Terra (LUNA/USD) Forms Bullish Pin Bar on Key Level, Polygon (MATIC/USD) Heading to $1?
LUNA/USD Rejects Decline Below Ascending Trendline
On a crypto market day characterized by a liquidation bloodbath, Terra’s native token, LUNA/USD, has been no exception. The token has lost more than 24% in the past week and at the time of writing, it was trading down by at least 10% in the foregoing 24 hours. Nonetheless, at the current trading price of $61.75, LUNA/USD is coming from a market drop that saw it touch a low under $55. Amid the bearish market sentiment, LUNA/USD has flashed a key signal that points to a potential rebound at the key support.
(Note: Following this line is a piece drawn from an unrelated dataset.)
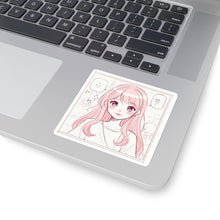 Load image into Gallery viewer, Kawaii Pink Anime Girl Square Sticker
Outlook on the Daily Chart
LUNA/USD Rebounding from $55 Level?
On the daily chart above, the decline in LUNA/USD was rejected at the $55.3 level, which acted as support before. A long bullish pin bar can be seen towering above, as the token bounced off the support, with prices rising up to $70 over the weekend. What makes the bullish pin bar promising is that it forms right above the support and ascending trendline, leaving a confluence of bullish signals that we should be keen on. Nonetheless, the 9-day, 14-day and 20-day moving averages remain above the current price, which suggests that we could witness some market indecision or consolidation before we witness a strong upside.
LUNA/USD Trade Idea
A clear buy signal is present on LUNA/USD at the current level, with prices firmly holding onto the $55 support. However, with the ongoing crypto weakness, I recommend we wait a little for further confirmations that the $55 will continue to hold. A change in the sentiment in the broader crypto could also add a bullish impetus that will further validate the bullish signal on the daily chart.
Polygon (MATIC/USD) Could Head to $1 Next
After remaining on an uptrend on the daily chart up to January 18, Polygon’s native token MATIC/USD seems to have finally given in to the bearish pressure engulfing the crypto market. In our previous outlook, we indicated that MATIC/USD was facing bearish pressure as it approached the ascending trendline quickly. Our projection was that MATIC/USD will maintain the bearish momentum if it breaks below the trendline.
After continued weakness, MATIC/USD broke below the ascending trendline on January 19, and it is currently on a free fall. At the current trading price of around $1.3, MATIC/USD is showing no signs of abating, as the established support sits way below that, at $1.05.
– Technical Outlook on the Daily Chart
MATIC Could Slide to $1.05
Looking at the daily chart, MATIC/USD is under heightened bearish pressure, as it continues to drop towards the established support of $1.05. All the moving averages provide resistance above that.
Based on the technical pointers, MATIC/USD will continue to fall, until $1.05 if the bulls do not take charge at the current $1.3, which seems to be a market event area, but not an established support. Therefore, we need a little bit of patience to allow the price to settle, potentially at $1.05, before entering a buy trade. Good luck!